My recent article in Trading Markets emphasized the importance of the fit between the personality of a market--its degree of volatility and trending--and the trading style of the trader. Quite a few readers wrote to me, asking about which market would be best for them. Many asked specifically about currency (forex) trading, since instruments such as the Euro are known to be trending and volatile.
My next article for Trading Markets will examine whether the Euro truly is a superior trading instrument. I think you'll be surprised by the findings. Without giving away too many punch lines here, allow me to mention one important finding: I find no evidence of trending in the currency market on either a 30 minute or daily basis.

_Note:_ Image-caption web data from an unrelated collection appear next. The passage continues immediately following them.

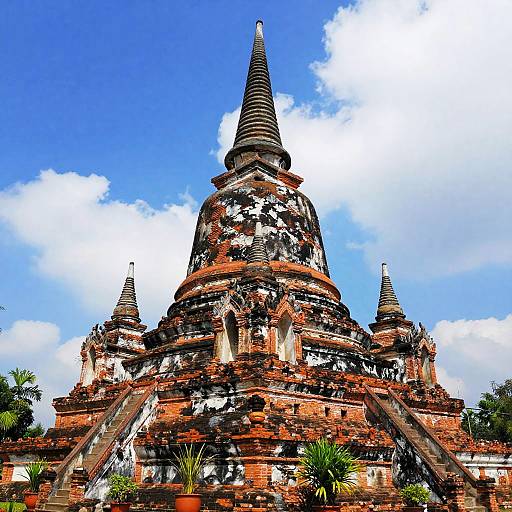 Photograph of an ancient, weathered Buddhist stupa with three-tiered, conical roofs, set against a bright blue sky with fluffy white clouds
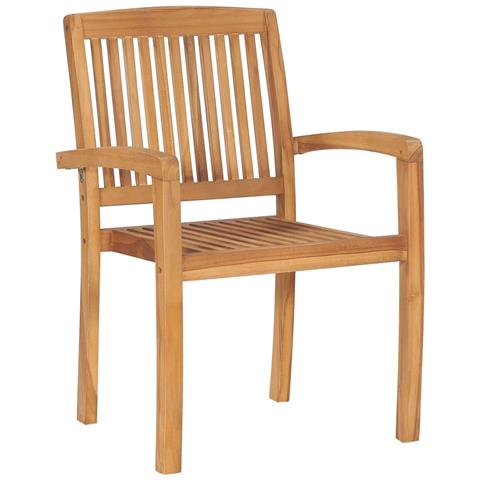 Sedie Da Giardino Impilabili 8 Pz In Legno Massello Di Teak - Foto 1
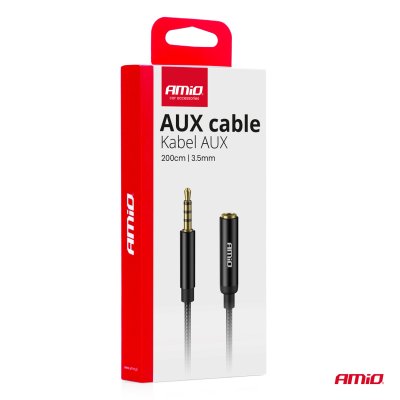 Forlængerledning AUX Mini Jack 3.5mm han til 3.5mm hun 2m AMIO-04296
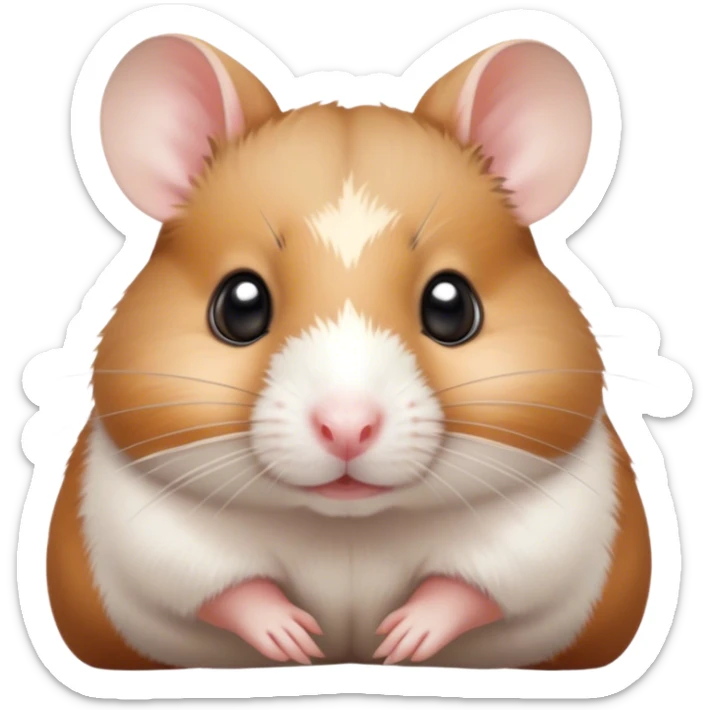 Cinematic Noble Brown and White Banded Hamster Portrait Emoji, Poised and regal, with a tiny, compact build and a uniquely patterned coat of warm brown and crisp white bands, deep-set soulful dark eyes, Simplified yet sharp and sophisticated features, highly detailed, glowing with a soft, dignified glow, high shine, intelligent and charming, stylized with an air of distinctive elegance, focused and attentive, soft glowing outline, capturing the essence of a watchful and confident rodent, so majestic it feels as though it could scurry out of the screen with effortless authority! sticker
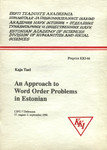An approach to word order problems in Estonian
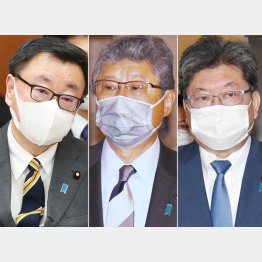 左から松野官房長官、高木国対委員長、萩生田政調会長（Ｃ）日刊ゲンダイ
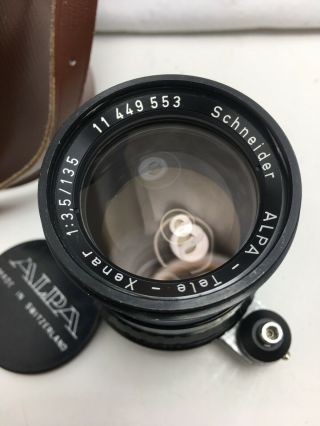 Schneider ALPA Tele Xenar 135mm F3.  5 No.  11449553 “RARE ” Early Edition 2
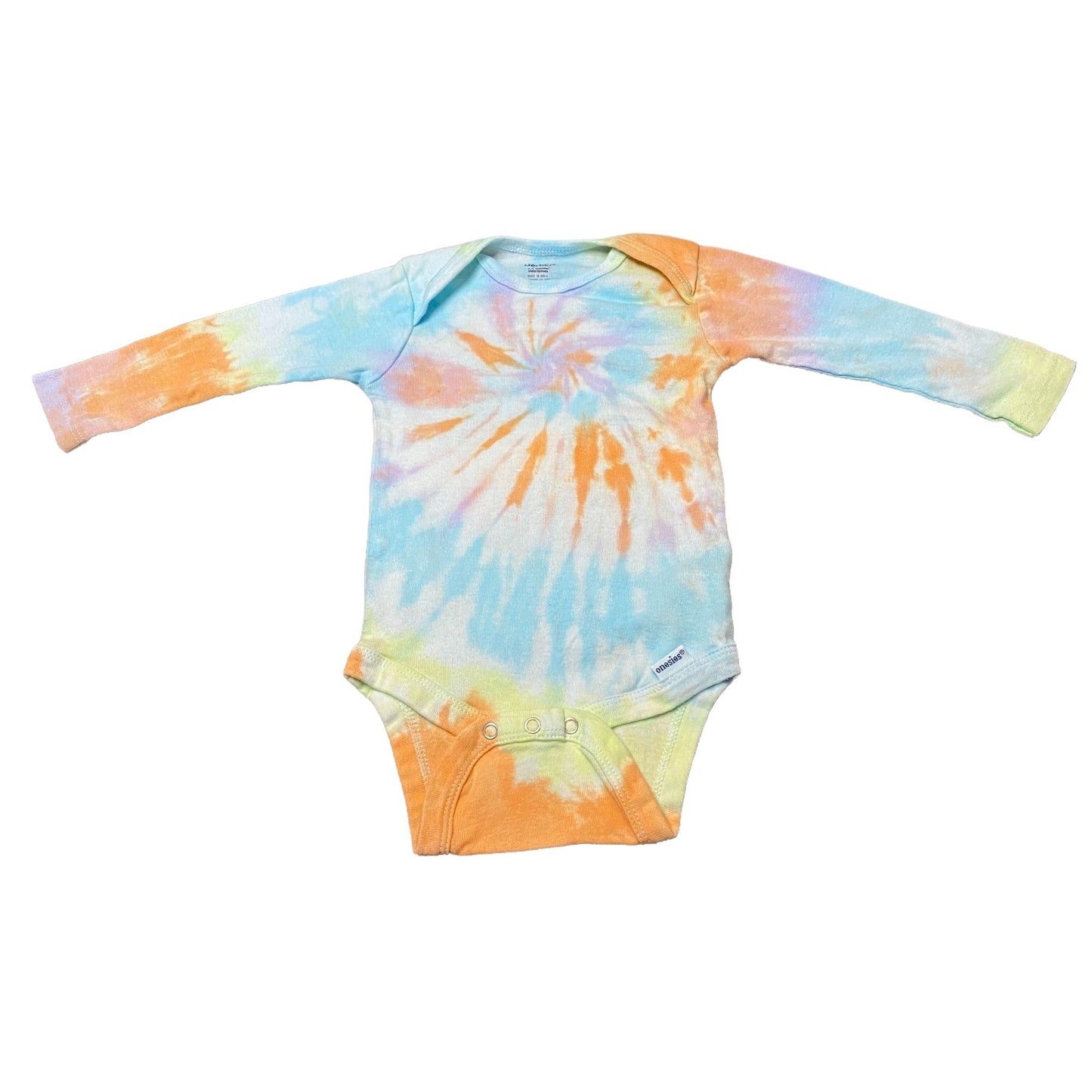 Pastel Rainbow Spiral Tie Dye Baby Bodysuit || 6-9 Months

In fact, up periods are modestly more likely to be followed by down periods (and vice versa) than by continuation.
Many brokerage houses specializing in currency trading--especially those going after retail customers--stress what wonderful trending markets currencies are. They also emphasize commission-free trading with "only" a three-pip spread and possible leverage of several hundred to one on your money.
Well, each pip in the Euro emini is like a tick in the S&P emini: worth $12.50. So the highly leveraged trader in a market he thinks is trending, buys a volatile period and what happens? He is down three ticks on size already even if he scratches the trade. But when the market reverses with high volatility, he quickly is in the red by a substantial amount.
I spoke with a very well placed industry insider who revealed to me that the average length of time from the opening of a trading account to the closing of that account was seven months. This was not because the trader was dissatisfied with the firm; rather, that was how long it took the average customer to blow through their capital.
Yale Hirsch says, "Investigate before you invest." That's wisdom that applies equally to traders.